God’s Grace is Infinite (Jan. 4, 2016)

The Gospel has words that we need to hear over and over and over again: “You are my beloved child; with you, I am well pleased.” Yes, you might think that those words apply to Jesus at his Baptism. But they also apply to us because of our Baptism. Baptism has made us beloved sons and daughters of God, and nothing can ever take away that status. Nothing.

Now you may be thinking: “With all my faults and sins and skeletons in the closet, how can I possibly be loved so much?” Well, that’s the nature of God’s grace. It has absolutely nothing to do with our own merits or lack of merit. It has nothing to do with how sinful we are or how sinless we are. We are God’s beloved because that’s the way God wants it to be. We have no choice.

When I was growing up, I never really knew this God, and I suspect the same can be said for anyone over 50. You and I were raised in a Catholicism which on most moral issues was brutally uncompromising. It asked you not to sin, not to make mistakes. But we did sinand of course, that gave rise to much guilt and fear of God’s punishment.

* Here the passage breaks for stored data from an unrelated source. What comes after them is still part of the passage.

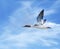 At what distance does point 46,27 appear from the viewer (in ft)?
310

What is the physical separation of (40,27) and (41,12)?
794cm

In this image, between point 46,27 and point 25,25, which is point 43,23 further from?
point 25,25

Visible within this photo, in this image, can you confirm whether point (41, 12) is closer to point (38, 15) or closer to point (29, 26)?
point (38, 15)

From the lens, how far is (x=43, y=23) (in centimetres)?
9362

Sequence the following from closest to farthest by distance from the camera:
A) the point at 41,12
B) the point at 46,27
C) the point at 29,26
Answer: the point at 41,12 → the point at 46,27 → the point at 29,26

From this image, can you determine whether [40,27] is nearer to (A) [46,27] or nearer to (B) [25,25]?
(A) [46,27]

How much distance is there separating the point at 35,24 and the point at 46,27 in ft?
16.9

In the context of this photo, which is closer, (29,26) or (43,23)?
(43,23)

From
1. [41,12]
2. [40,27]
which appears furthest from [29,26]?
[41,12]

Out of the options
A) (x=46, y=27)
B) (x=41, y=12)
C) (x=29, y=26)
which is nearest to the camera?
(x=41, y=12)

However, I came to see that the Catholicism that I was raised in had a fault: it did not allow for mistakes. It demanded that you get it right the first time. There was supposed to be no need for a second chance.

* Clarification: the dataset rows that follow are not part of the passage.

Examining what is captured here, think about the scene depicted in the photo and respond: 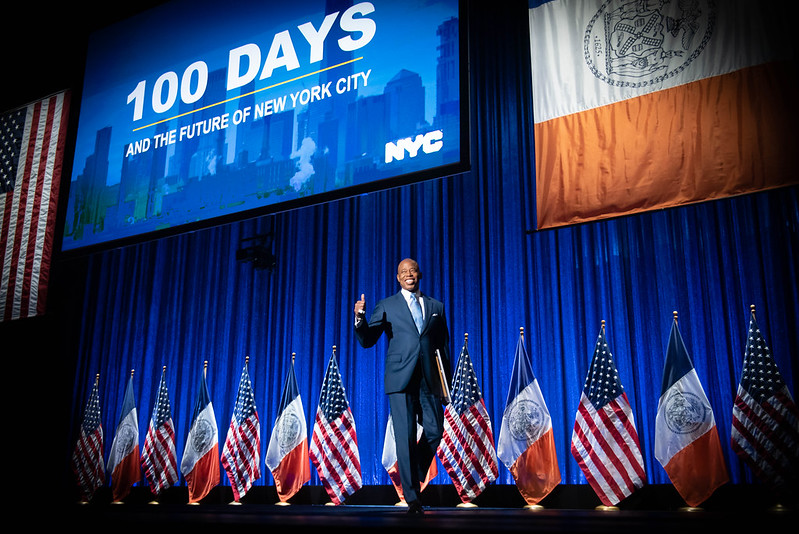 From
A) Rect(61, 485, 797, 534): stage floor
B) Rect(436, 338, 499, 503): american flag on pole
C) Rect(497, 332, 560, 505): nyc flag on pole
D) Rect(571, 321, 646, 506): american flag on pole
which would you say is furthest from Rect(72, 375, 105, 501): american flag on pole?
Rect(571, 321, 646, 506): american flag on pole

But would you act that way towards your own flesh and blood? One strike and you’re out? If you wouldn’t, why would God act that way towards we who are his flesh and blood? God does not just give us one chance, but a second, third, fourth, and fifth chance that are just as valid as the first one. We are asked to take sin seriously, but when we do sin, when we do make mistakes, we are given the chance to take our place among the broken, among those whose lives are not perfect, the loved sinners, those for whom Christ came.

Our Baptism is the guarantee that mistakes are not forever. God loves us as sinners and the task of Christianity is not to teach us how to live, but to teach us how to live again, and again, and again. This is why we renew our Baptismal promises again and again and again.to remind ourselves of the fact that life does go on, and like a little child learning to walk, we get up and try againand againagainand maybe someday we’ll get it right.